Let's face it, Kiss is a band who ultimately helped make albums irrelevent because they often released better versions of those same songs on Alive or Alive II.  Having said that, the production on Destroyer is far superior to that found on Love Gun and Rock & Roll Over thanks to the brief appearance of Bob Ezrin, who is best known for producing Pink Floyd's and Aice Cooper's best work. among others.
Also, musically, the standouts on Destroyer are plenty: "Detroit Rock City", "God Of Thunder", "Shout It Out Loud" and my personal fave, "Do You Love Me?".

Echo & The Bunnymen

Oh, the hipsters would have you believe the band were at their greatest during those murky, dark days of Ocean Rain or Crocodiles, but that's only because they've dismissed the band's self-titled 1987 album for being too obviously commercial, as if it is a crime to grow into a formidable rock & roll juggernaut capable of tossing off melodic gems like "The Game", "All In Your Mind", "Bombers Bay" or "Lips Like Sugar".
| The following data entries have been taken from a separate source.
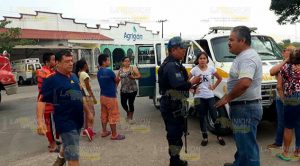 ¡Arrollan a un menor y su hermano! Arrollan Menor Hermano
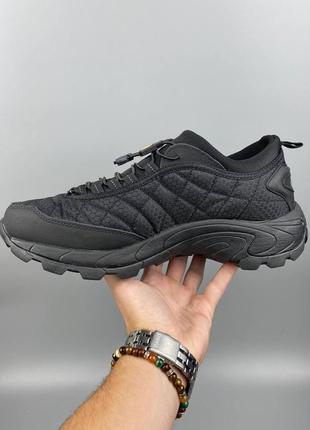 Мужские кроссовки черные термо merrell ice cap moc termo black6 фото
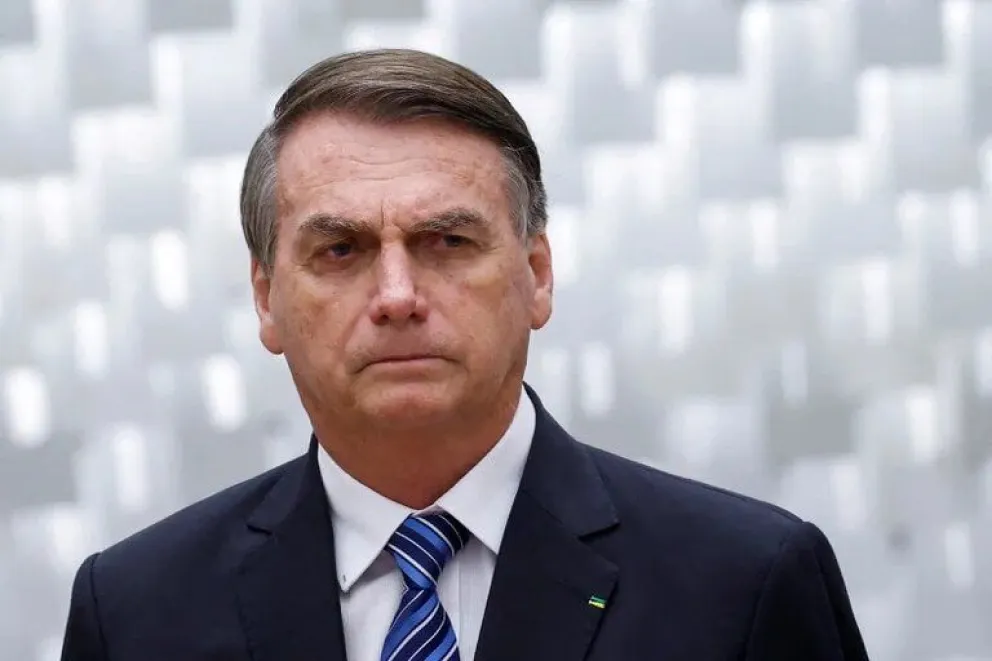 Jair Bolsonaro fue internado en Orlando: los motivos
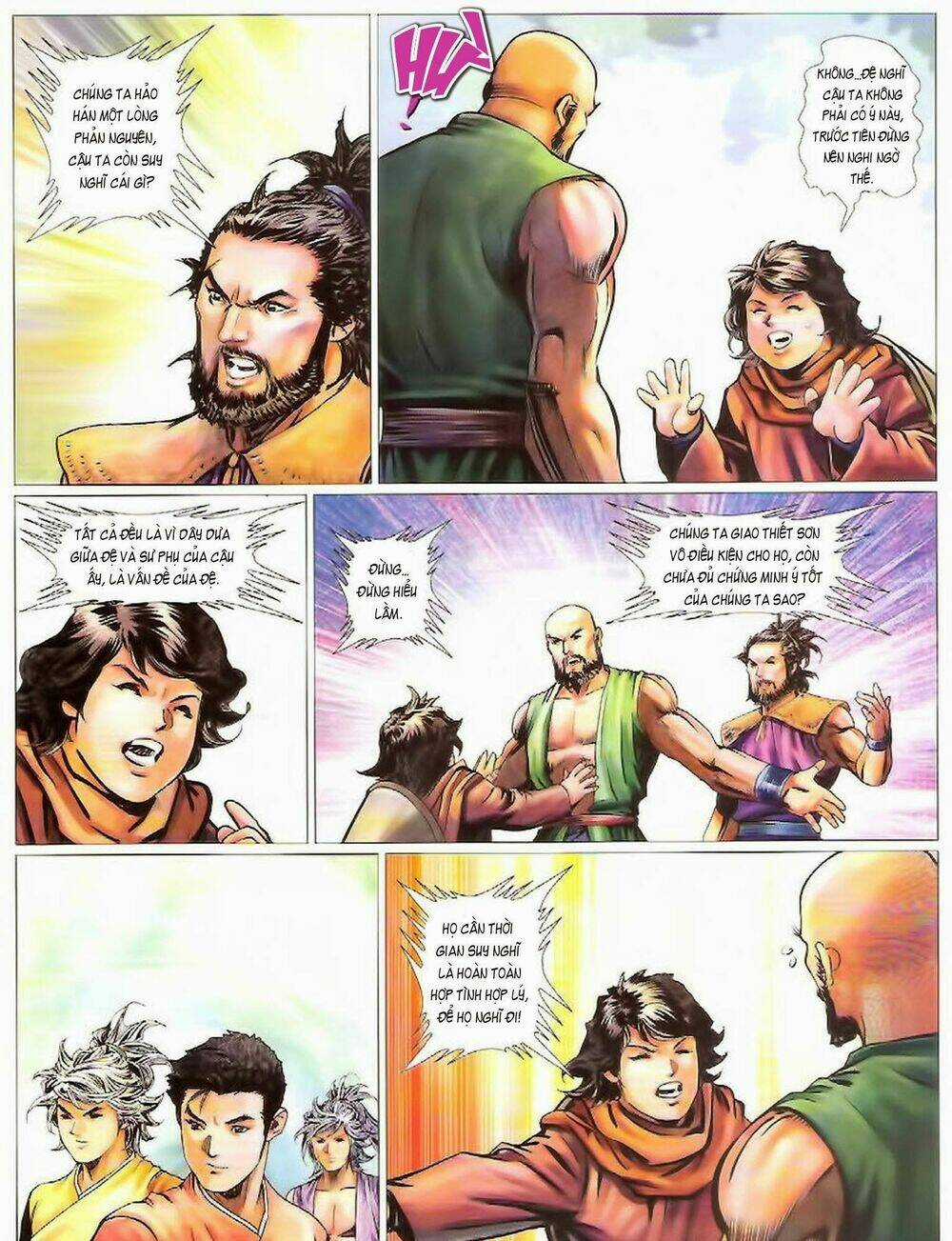 Tuyệt Thế Vô Song 2 Chapter 79 trang 6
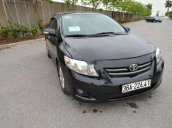 Bán Toyota Corolla Altis đời 2012, màu đen, xe nhập, 308 triệu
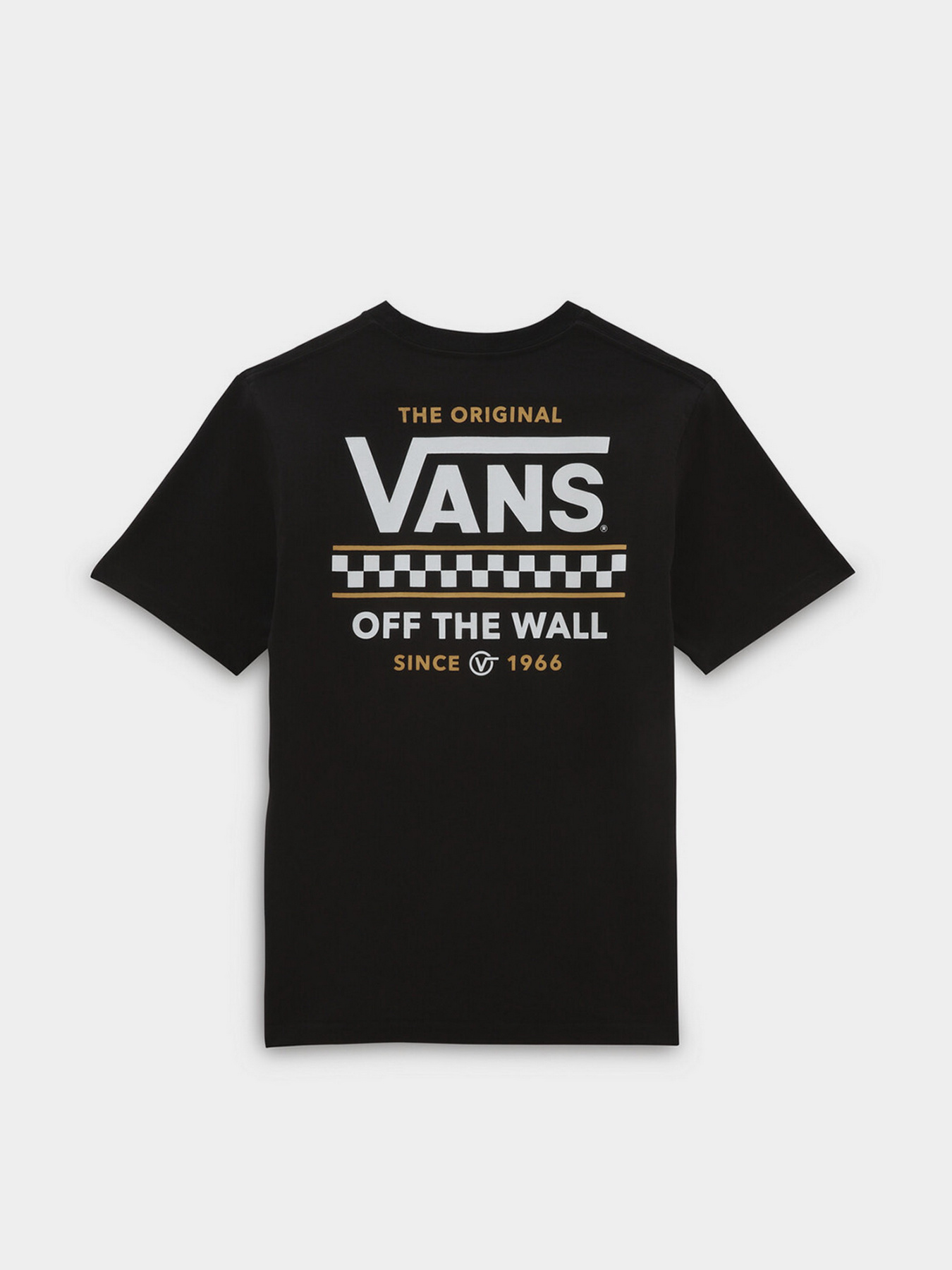 Футболки и поло Vans модель VN0A7Y4GBLK1 Фото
Lyrically and vocally speaking, Ian McCulloch has never been more on his game and, for once, the band had a producer in Laurie Latham (Squeeze, the Stranglers and Manfred Mann's Earth Band) who recognized the importance of building the album around McCulloch's brooding bellow.  As a result, the band quickly found themselves flirting with worldwide stardom.


Rush's best album contains only seven songs, but every one of them is an essential part of the Rush oeuvre. Also, like Led Zep's debut, Side One is an absolutely brilliant blast of sheer rock perfection at only four songs: "Tom Sawyer", "Red Barchetta", "YYZ", and "Limelight".

That's right, we're talking about Moving Pictures.

When you think about the changing musical times circa 1981, with the advent of new wave, British metal, and MTV, Rush could have easily cut a different album and made themselves completely irrelevant.  Instead, they embraced technology to the extent that synths play a large part in the arrangements without infringing upon the live-in-the-studio performances.  And, on "Limelight", the band come dangerously close to sounding like an actual pop band.

The overall result is an album that brought them skillfully into the '8os and remains their most popular work to date.


With most other bands on this list, choosing their best is a matter of subjective conjecture, but, in the case of Chicago's own Wilco, there is only one correct answer and that is Summerteeth.  Even now, the album is remarkable for how it stands out from anything the band has done before, or since.  While the stories of Jeff Tweedy and Jay Bennett being out of their heads during the recording sessions are legendary, the results speak for themselves.

And, for once, Tweedy wasn't self-editing himself any time he wrote a catchy melody, as he admits to having done in the past.  As a result, this album plays like a virtual textbook on how to write and record timeless songs of anguish, desire and heartbreak.  And if there is a more honest, unflinching lyric than that of "Via Chicago", this reviewer has yet to hear it.

Sadly, the fragile house of cards that was the friendship between Jeff Tweedy and Jay Bennett would soon unravel to the point that Bennett was forced out of the band and Wilco would quickly become the jam band of note for esoteric hipsters everywhere.


Like Echo & The Bunnymen had done on their self-titled album, when U2 and their producers decided to make Bono's vocals (themselves influenced by Echo singer Ian McCulloch) the focal point, everything seemed to fall into place and the band's music was soon heard everywhere.

The formula had first been employed on The Unforgettable Fire, yielding such winners as "Pride (In The Name Of Love)" and "Bad", but, for Joshua Tree, the band came to the studio with a treasure trove of material: "Where The Streets Have No Name", "I Still Haven't Found What I'm Looking For", "In God's Country".  Still, it was "With Or Without You" that served as a sort of "Every Breath You Take" to announce this musical and cultural changing of the guard to the masses.

The Joshua Tree isn't just a great album, though, it is the snapshot of the exact moment in time when a vital band puts all the pieces together to create the one masterpiece for which they will be most remembered.